PROBLEM TO SOLVE
Retype the whole listing exactly. Leave out pictures.

MATERIAL PROVIDED

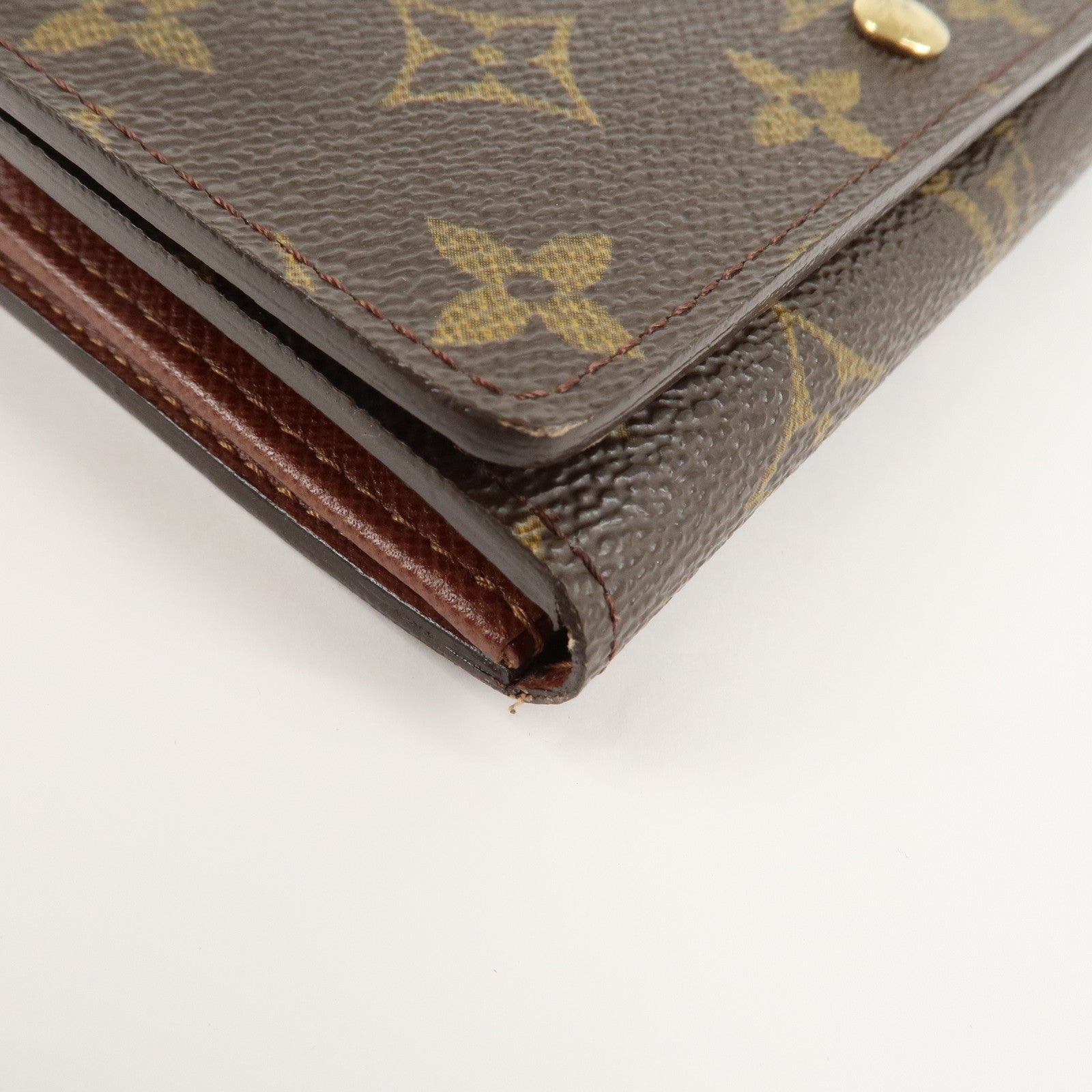 Louis Vuitton Monogram Porte Monnaie Billets Tresor Wallet M61730 Used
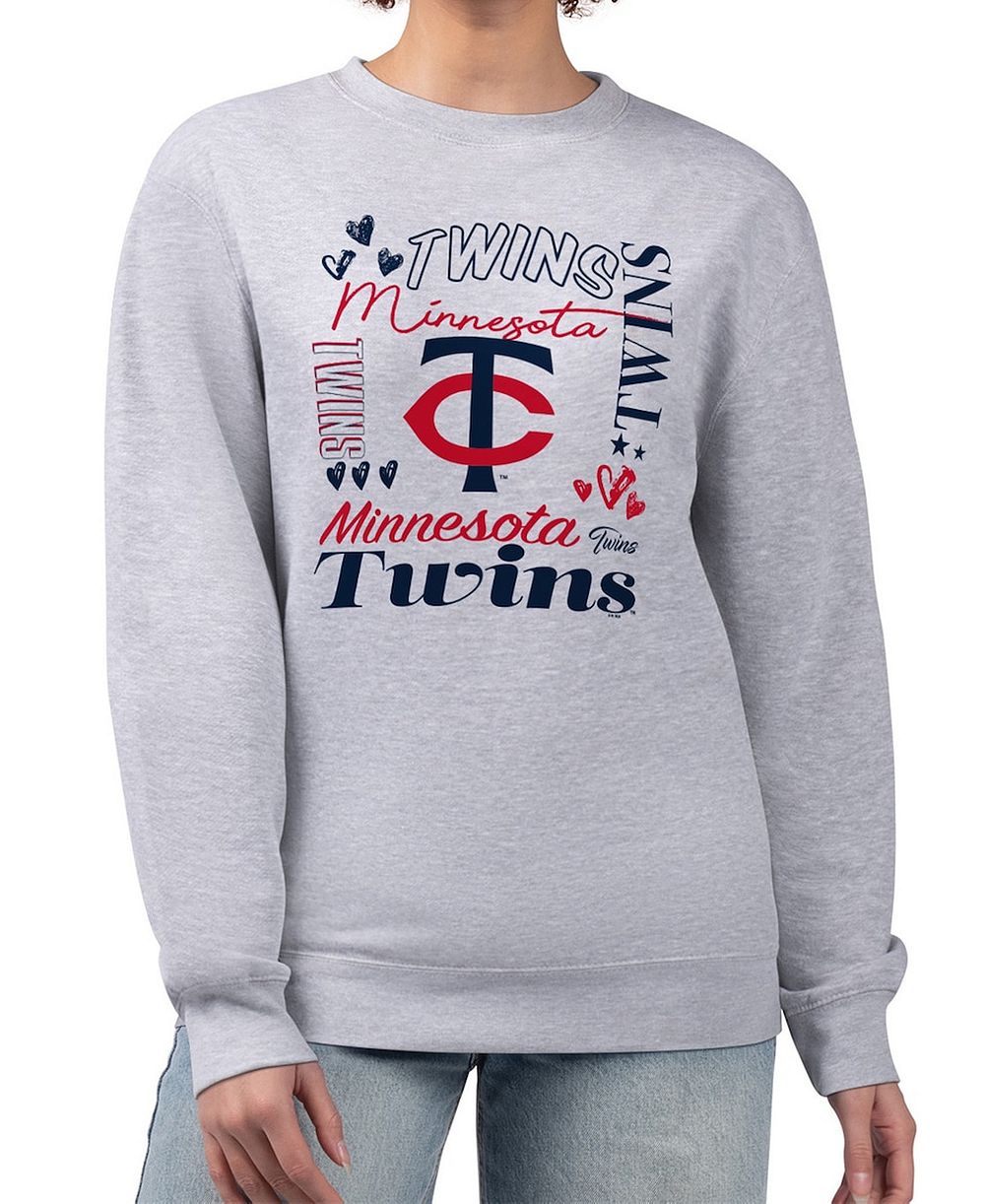 Женская толстовка G-III 4Her by Carl Banks Minnesota Twins Collage Team Graphic Fleece Pullover Heather Gray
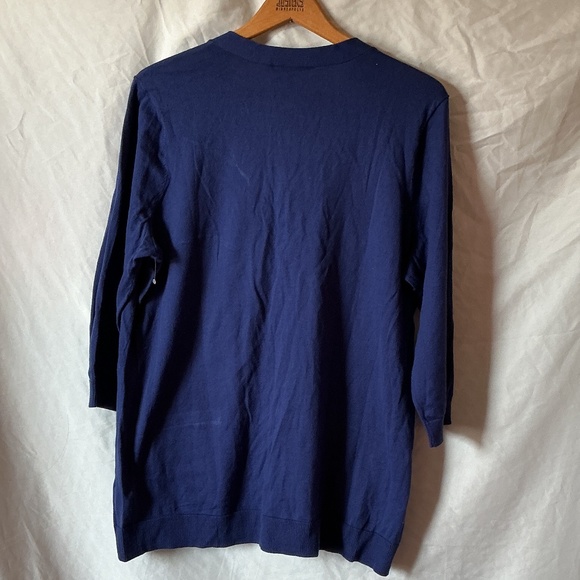 NWOT Lauren Ralph Lauren blue cardigan sweater 3/4 sleeves size 2X. - Picture 2 of 5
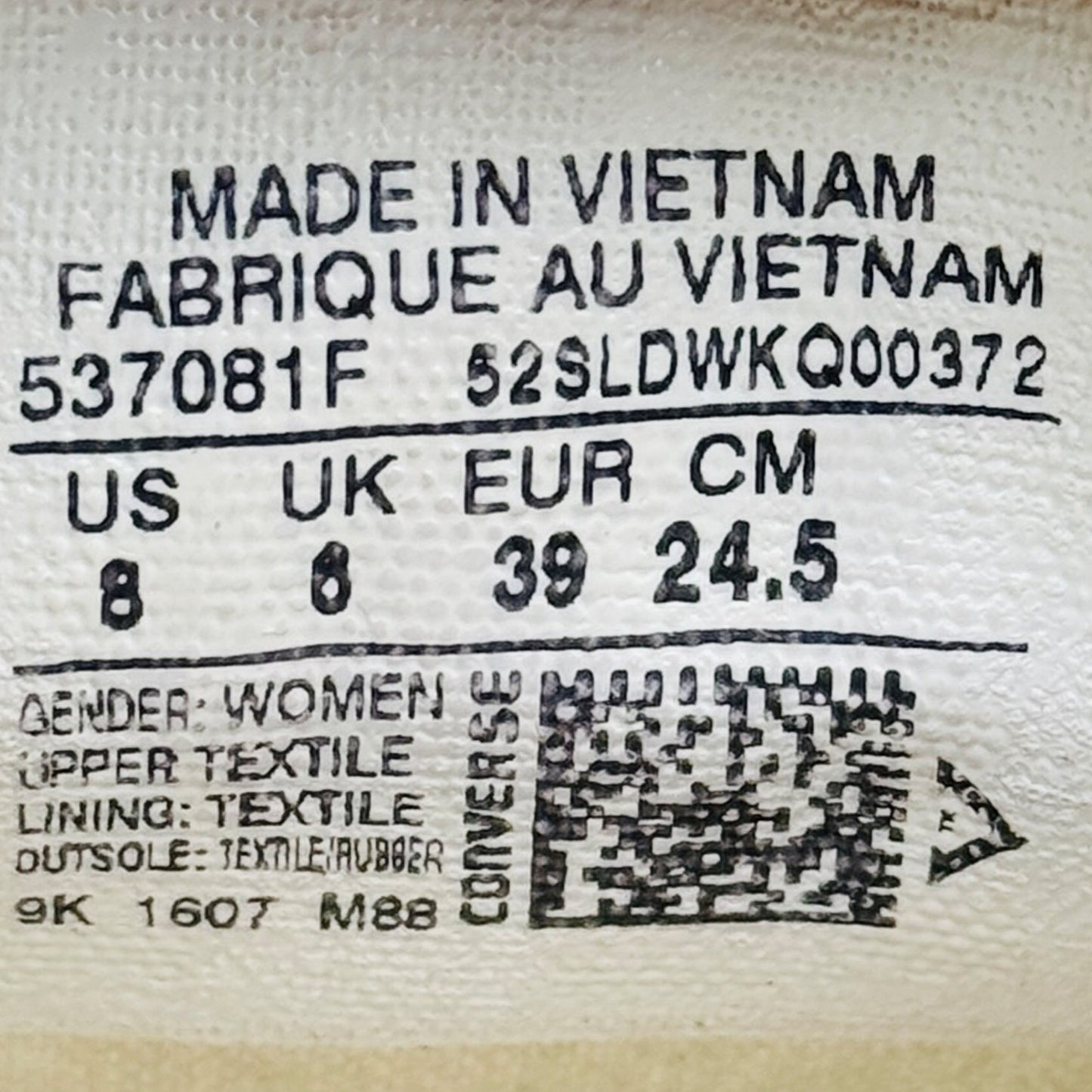 Converse Chuck Taylor All Star Shoreline Slip Shoes (Size 39) - 537081F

OUTPUT
 Louis Vuitton Monogram Porte Monnaie Billets Tresor Wallet M61730 Used
 Женская толстовка G-III 4Her by Carl Banks Minnesota Twins Collage Team Graphic Fleece Pullover Heather Gray
 NWOT Lauren Ralph Lauren blue cardigan sweater 3/4 sleeves size 2X. - Picture 2 of 5
 Converse Chuck Taylor All Star Shoreline Slip Shoes (Size 39) - 537081F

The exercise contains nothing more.